[Biojava-dev] [Biojava-l] regex performance in Java
P. Troshin
to.petr at gmail.com
Thu Oct 25 13:10:56 UTC 2012
Hi Hilmar,
I feel that we do not have enough information to help you with your
performance issue.
We need to know how many regexp searches are you making in a single
transaction (user request-response) and the acceptable response time.
Otherwise, we might be doing preliminary optimization. We cannot tell
whether 500K matches in 3 seconds is fast enough or not.
In the test you are only testing the search performance; however, I am
sure that in the real system, you must be doing something with your
findings. So to make a real comparison, we need to see the test that
incorporates all the common operations that your real life systems
perform with these regexps.
When rewriting something in Java you have to bear in mind that just
translating Perl to Java is not enough, as these are two very
different languages. Just like rewriting Java in Perl. You are
unlikely to get any decent performance or readable code from just from
translating the structure of one program into another. You should give
some consideration to the design of your application however small it
might be. Each language has its own specifics.
Bear in mind that object construction in Java is more expensive than
function calls in Perl. Also regexp performance could vary enormously
depending on the size of the input string. If you are searching in
article abstracts then you need to test on the collection of these
abstracts, not part of them. The test data seems to be coming from the
abstract but it is split into different string, I think if you merge
all these strings into one, you would get a better performance.
Remember that Java String are encoded in UTF16 by default, in this
encoding a single character takes 4 bites, if you are only interested
in ASCII charset, then you should tell Java about it. Check out the
various String constructors and use the appropriate one. Similarly, if
you are loading data from the file system, make sure you set the
appropriate charset on the Reader. I am not sure whether this will
give you a performance increase, but it will certainly reduce the
program’s memory footprint.
A small point - is it really necessary to construct matchers within
the test loop? Not in your test I think, you can take them out.

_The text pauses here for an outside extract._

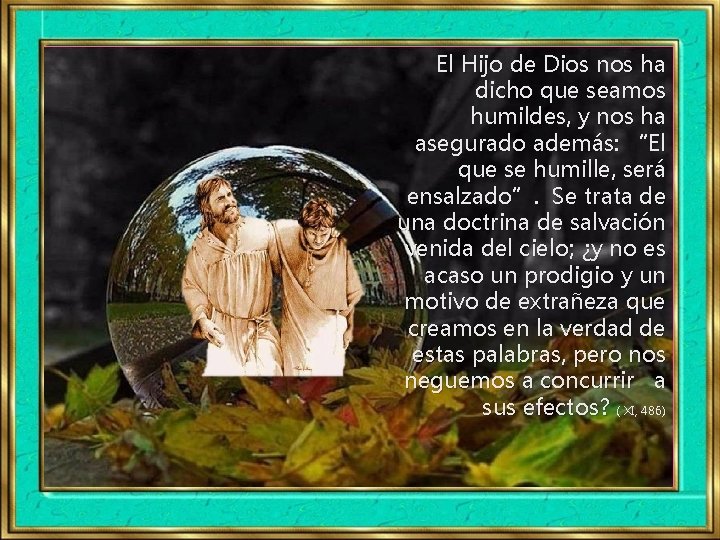 El Hijo de Dios nos ha dicho que seamos humildes, y nos ha asegurado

I hope that will be of some help.
Regards,
Peter
On 25 October 2012 04:59, Hilmar Lapp <hlapp at drycafe.net> wrote:
> We're only at the very beginning of this. I really appreciate all the feedback, but honestly all that the code examples justify at this point is asking whether the performance differences are reproducible (and it seems they are), and whether or not they are attributable to some stupid mistakes in programming the java.util.regex API (and it seems that they aren't).
>
> Dan, yes I know UIMA. Again, way down the road of this.
>
> -hilmar
>
> On Oct 24, 2012, at 11:50 PM, Mark Fortner wrote:
>
>> Have you tried profiling the code to see where it's spending most of its time?
>>
>> Mark
>>
>> On Oct 24, 2012 8:47 PM, "Hilmar Lapp" <hlapp at drycafe.net> wrote:
>> The code is a very small snippet from a natural language processing software aimed at extracting structured phenotype descriptions from un- or semistructured free text. Apparently the code as is (in Perl) makes a lot of regular expression matches, and so if the speed difference for them between Perl and Java is significant, in theory this might become a problem. Though whether it will or will not amount to a bottleneck indeed remains to be seen, as the code is also doing other things that are potentially expensive, and possibly more so than the regex matching.
>>
>> So the exercise here is merely to see whether there is a notable performance difference in regex pattern evaluation that can't simply be attributed to programming mistakes (and apparently there is).
>>
>> -hilmar
>>
>> On Oct 24, 2012, at 2:30 PM, P. Troshin wrote:
>>
>> > Hi Hilmar,
>> >
>> > Looked at the test in a bit more details, I can see what you are
>> > trying to test but is there a real life problem behind this?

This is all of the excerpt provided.